On 13 Aug 2013, at 16:03, Dolph Mathews wrote:

> 
> On Tue, Aug 13, 2013 at 3:10 AM, Henry Nash <henryn at linux.vnet.ibm.com> wrote:
> Hi
> 
> So few comebacks to the various comments:
> 
> 1) While I understand the idea that a client would follow the next/prev links returned in collections, I wasn't aware that we considered 'page'/'per-page' as not standardized. We list these explicitly throughout the identity API spec (look in each List 'entity' example).
> 
> They were essentially relics from a very early draft of the spec that were thoughtlessly copy/pasted around (I'm guilty of this myself)... they were recently cleaned up and removed from the spec.

Unfortunately every API list call in the spec (e.g. Users, Groups, Projects, Domains etc.) have the following in their list of items supported for query:

query_string: page (optional)
query_string: per_page (optional, default 30)

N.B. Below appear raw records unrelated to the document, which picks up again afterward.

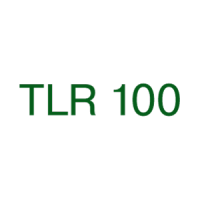 TLR 100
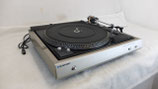 Blaupunkt XP240 Dual 626 ULM Ortofon Tonabnehmer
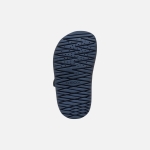 Олекотени сандали Geox Waterproof B556AA 000BC C4002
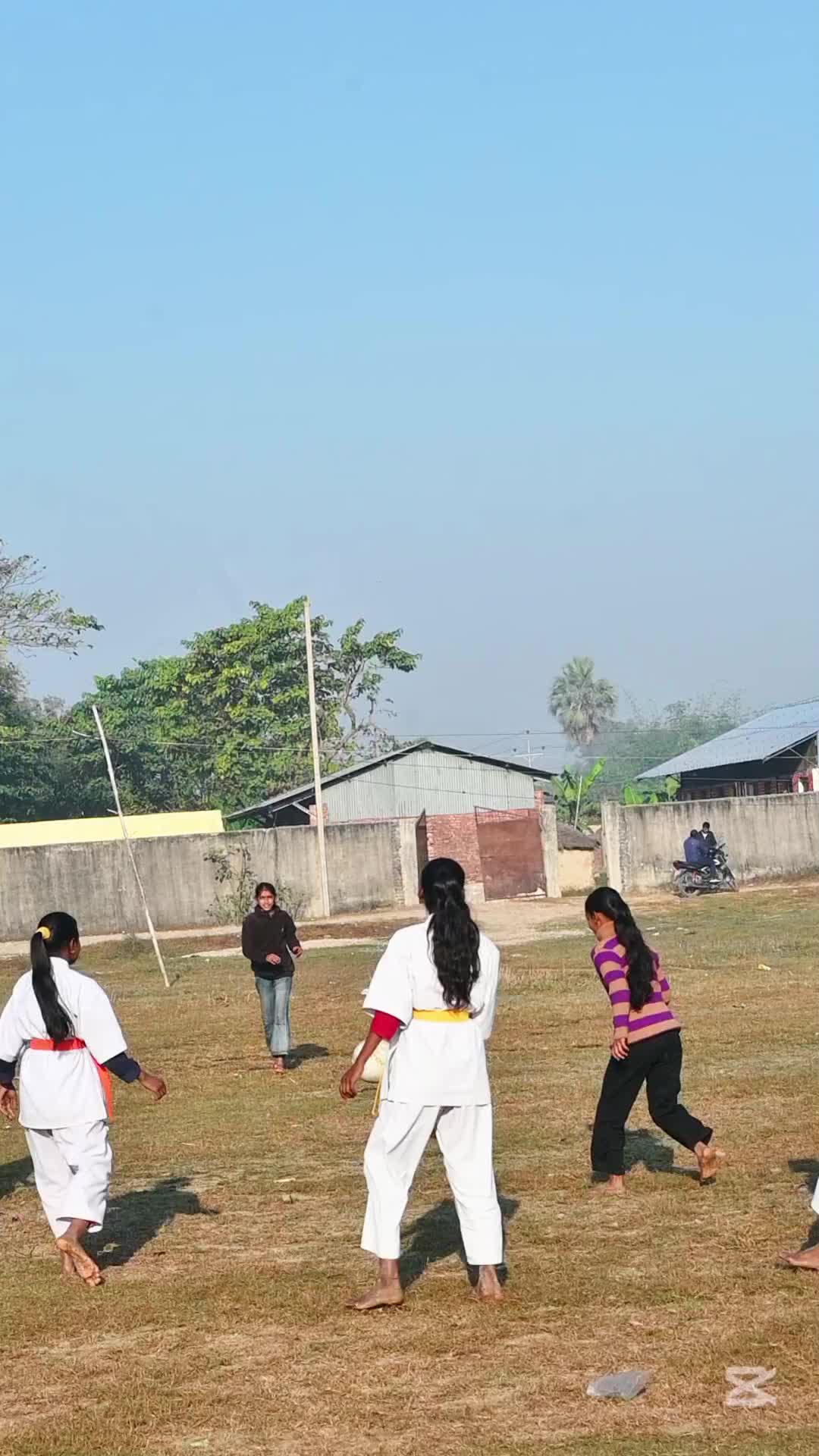 @shakhibara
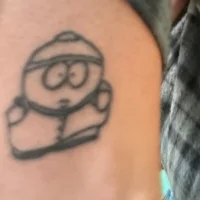 bellywelly69420: изображение аватарки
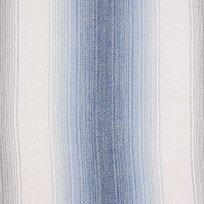 MATCHSTICK/BLUE DEPTHS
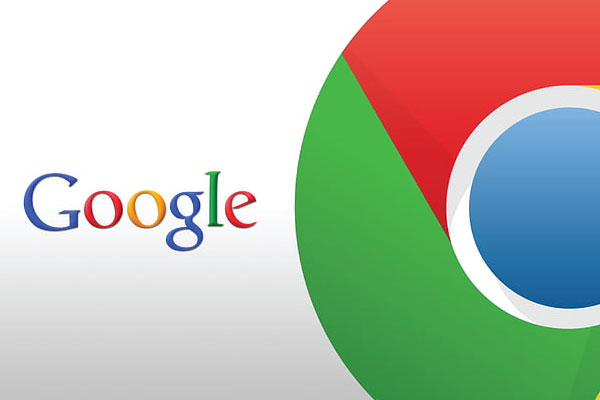 Critical Chrome Vulnerabilities Enable Remote Code Execution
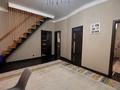 Жеке үй · 4 бөлме · 180 м² · 15 жүзд., Тастыбұлақ ш/а. 163а, бағасы: 73 млн ₸ в Алматы, Наурызбайский р-н — фото 14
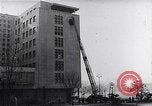 Image of Hungarian Revolution Hungary, 1956, second 3 stock footage video 65675033236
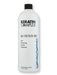 Buy online Keratin Complex KCTexture Curl Enhancing Keratin Treatment 33.8 oz EP-19129824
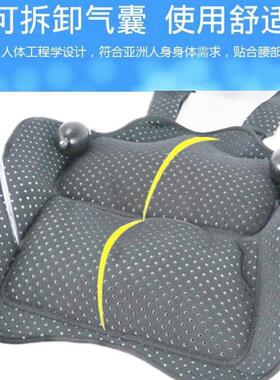 胸腰椎固定支具护腰腰部支架脊椎胸椎护具脊柱康复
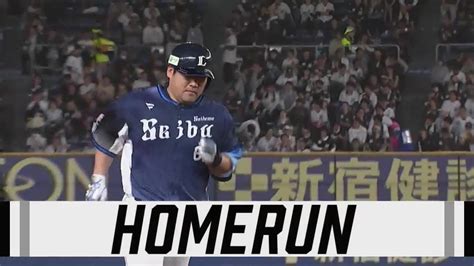 2024年5月7日 千葉ロッテマリーンズvs埼玉西武ライオンズ 一球速報 プロ野球 スポーツナビ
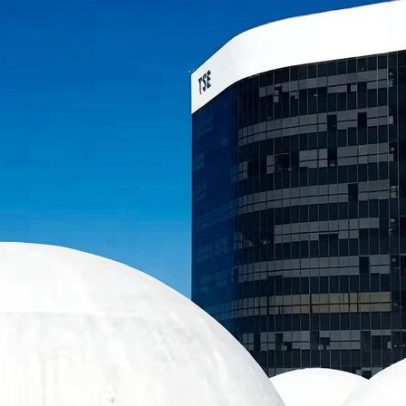 TSE proíbe divulgação de conteúdo gerado por IA 72 horas antes das eleições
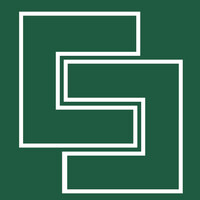 Cowen Construction Oklahoma logo - Similar company to Windstone Construction & Development, Llc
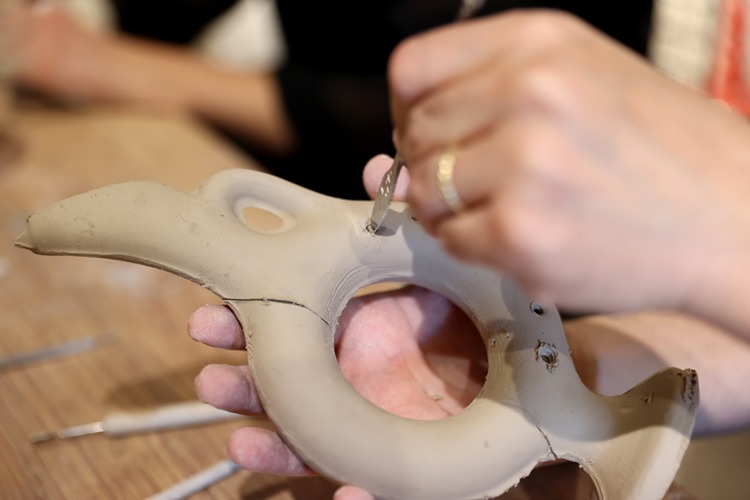 2025 07 20250714 2 69931797 115072781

Are you suggesting that both are driver dependant, or just the 'page' item?  I assume it can't be both - otherwise a client would need to specify page size differently based on the driver in use.

>  
> How I imagined it would work would be:
> 
> a) If a client did not include 'page' in the url we would not paginate
> 
> Make that a deployment option? per_page could simply default to a very high value.
>  
> b) Once we are paginating, a client can either build the next/prevs urls themselves if they want (by incrementing/decrementing the page number), or just follow the next/prev links (which come with the appropriate 'page=x' in them) returned in the collection which saves them having to do this.
> 
> I'm obviously very opposed to this because it unreasonably forces a single approach to pagination across all drivers.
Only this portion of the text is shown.